[Intel-gfx] [PATCH 1/2] drm/core: Preserve the framebuffer after removing it.
David Herrmann
dh.herrmann at gmail.com
Tue Sep 22 07:53:09 PDT 2015
Hi
On Thu, Sep 10, 2015 at 12:15 PM, Tvrtko Ursulin
<tvrtko.ursulin at linux.intel.com> wrote:
> On 09/10/2015 10:56 AM, Daniel Vetter wrote:
>> That's not different from the compositor just freezing instead of
>> crashing: Screen contents stays on and nothing happens. Imo this really is
>> all just broken userspace, and the kernel can't make sure userspace
>> doesn't randomly fall over.
>>
>> What we need to make sure is that assuming things work ok-ish there's no
>> observed regression. And I still think that's the case here.
>
>
> I would disagree on the no regressions when things work okay-ish principle,
> there should be no regressions in the pessimistic scenario when security is
> concerned.
>
> If we can agree the stuck frame on screen is not desirable from the security
> point of view, then this change does enlarge the attack surface.
>
> Because, apart from freezing the compositor, it now also works to crash it
> and prevent restart. Maybe it is far fetched, but as I said, attackers have
> much better imagination with these things.
I'd much more prefer a FB flag that forces a modeset on ID removal.
Anyone who cares for it can set it, and the kernel will make sure to
never keep such FBs around. However, for most use-cases, we want the
FB to stay around after close() or FB removal.
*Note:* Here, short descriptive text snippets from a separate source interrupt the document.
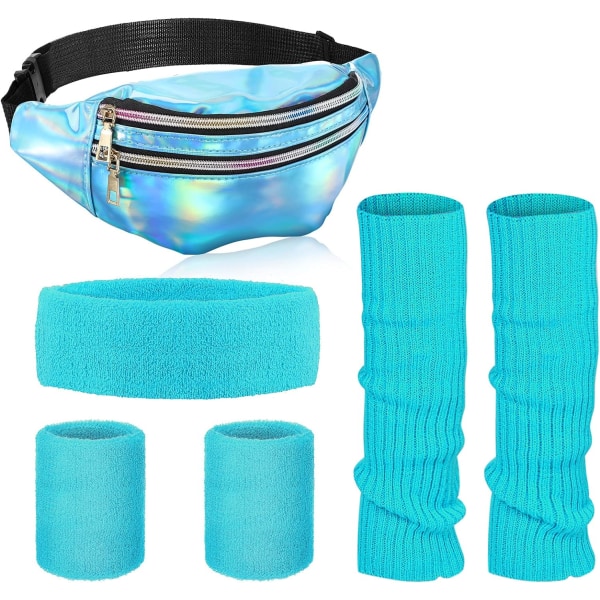 INIOR 80-tal Neon Benvärmare Set Holografisk Fanny Pack Stickad Benvärmare Pannband Armband för Yoga Running Blue, Light Blue One Size
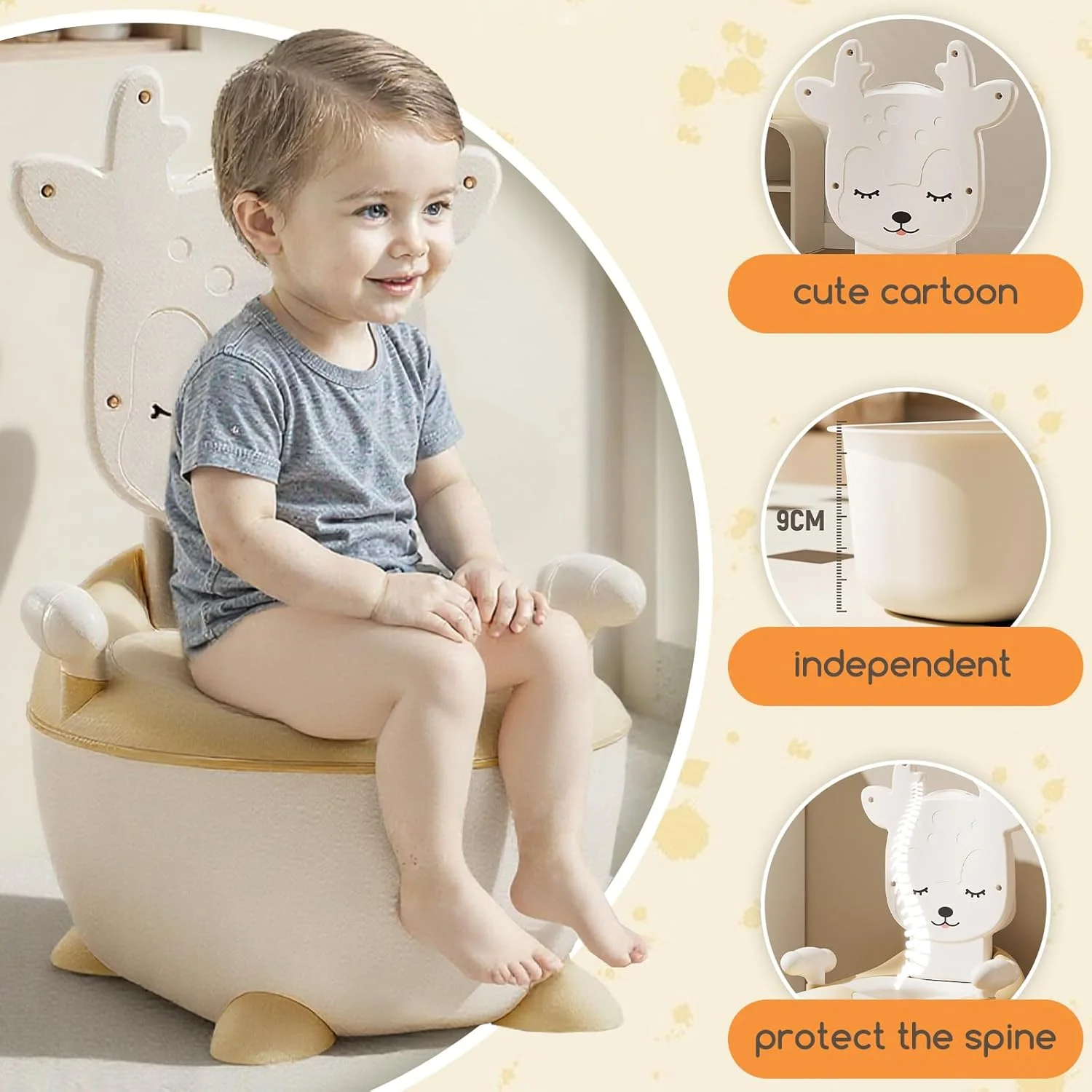 صندلی آموزشی توالت فرنگی کودک Fohome، توالت فرنگی قابل حمل با دستگیره، صندلی توالت کودک نوپا با درب و پشتی بلند، توالت مسافرتی کودک برای کودکان نوپا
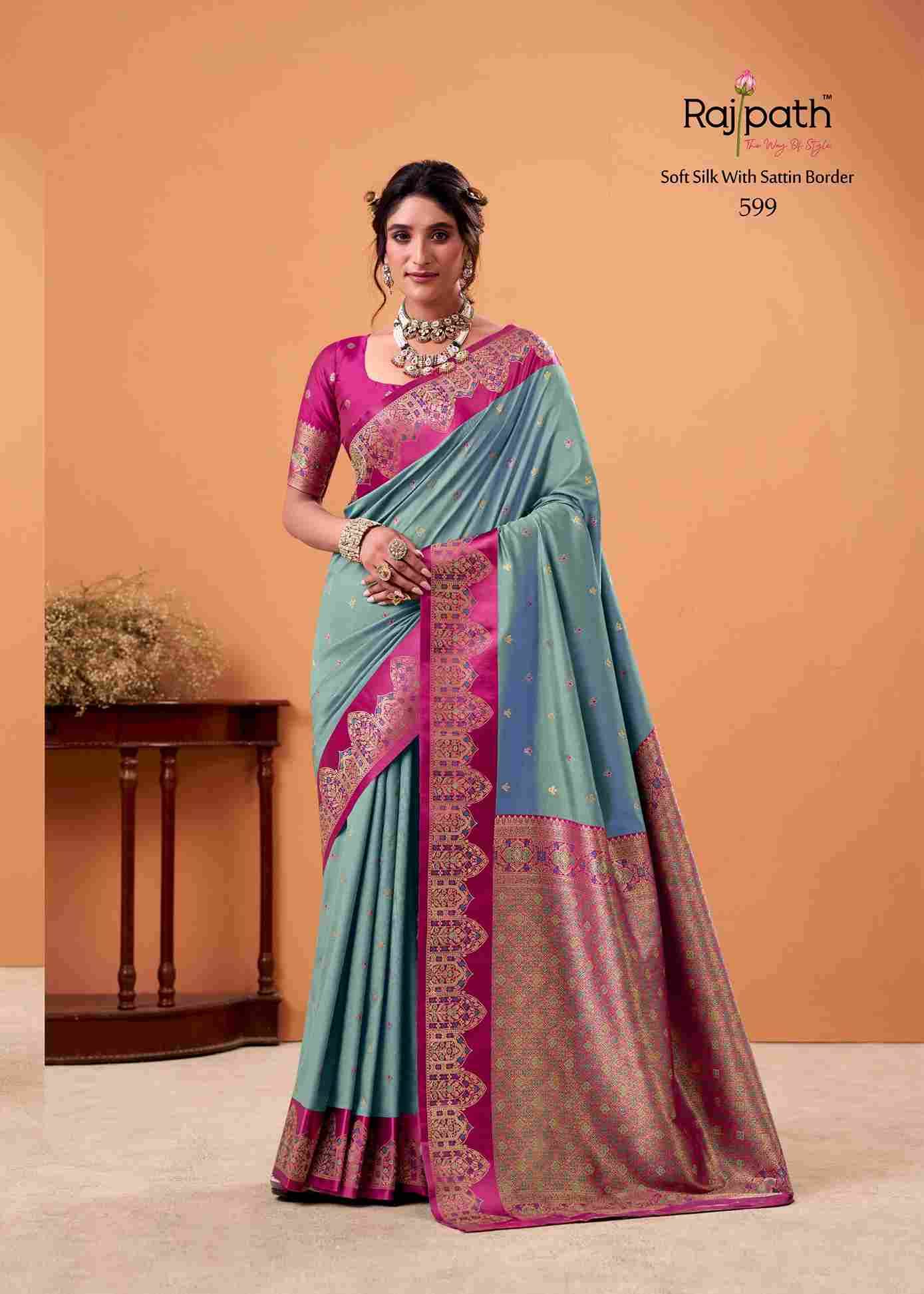 Taapi Ghat By Rajpath 592 To 599 Series Indian Traditional Wear Collection Beautiful Stylish Fancy Colorful Party Wear & Occasional Wear Satin Silk Sarees At Wholesale Price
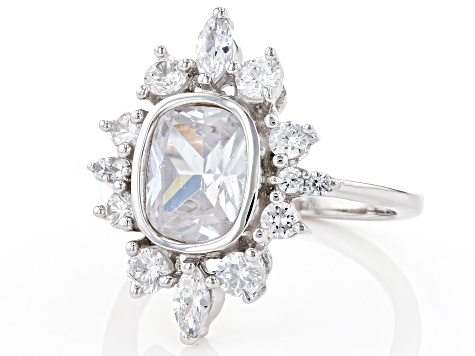 Pre-Owned White Cubic Zirconia Rhodium Over Sterling Silver Ring 5.54ctw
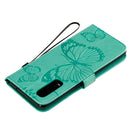 For OPPO Find X2 3D Butterflies Embossing Pattern Horizontal Flip Leather Case with Holder & Card Slot & Wallet & Lanyard(Green)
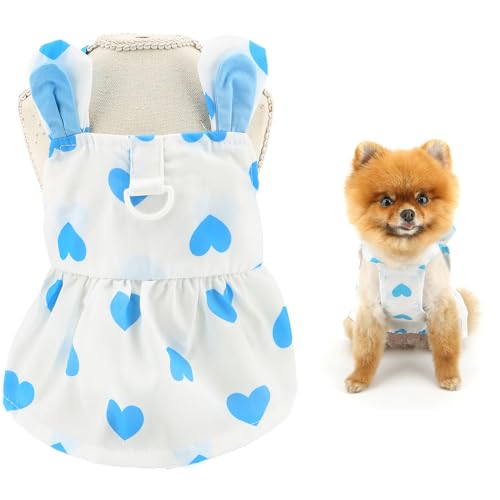 SMALLLEE_LUCKY_STORE Hundekleid für extra kleine und kleine Hunde, weiblicher Welpenrock mit Herz und Hasenohren, Sommer, Frühling, Haustierkleidung, Yorkie, Chihuahua, Katzen, Kostüm, Blau, XL von smalllee_lucky_store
Btw., I also don't see the attack scenario at all. If an attacker
makes your compositor crash at the same moment a security-relevant
information is shown on screen, then the information is already
visible. Who cares that it stays visible? Sure, I can make up an
hypothetical use-case where that matters, but I cannot think of
something real.
Also, if the hypothetical scenario we go for is "if the compositor
crashes", then I guess there's bigger problems than the FB content.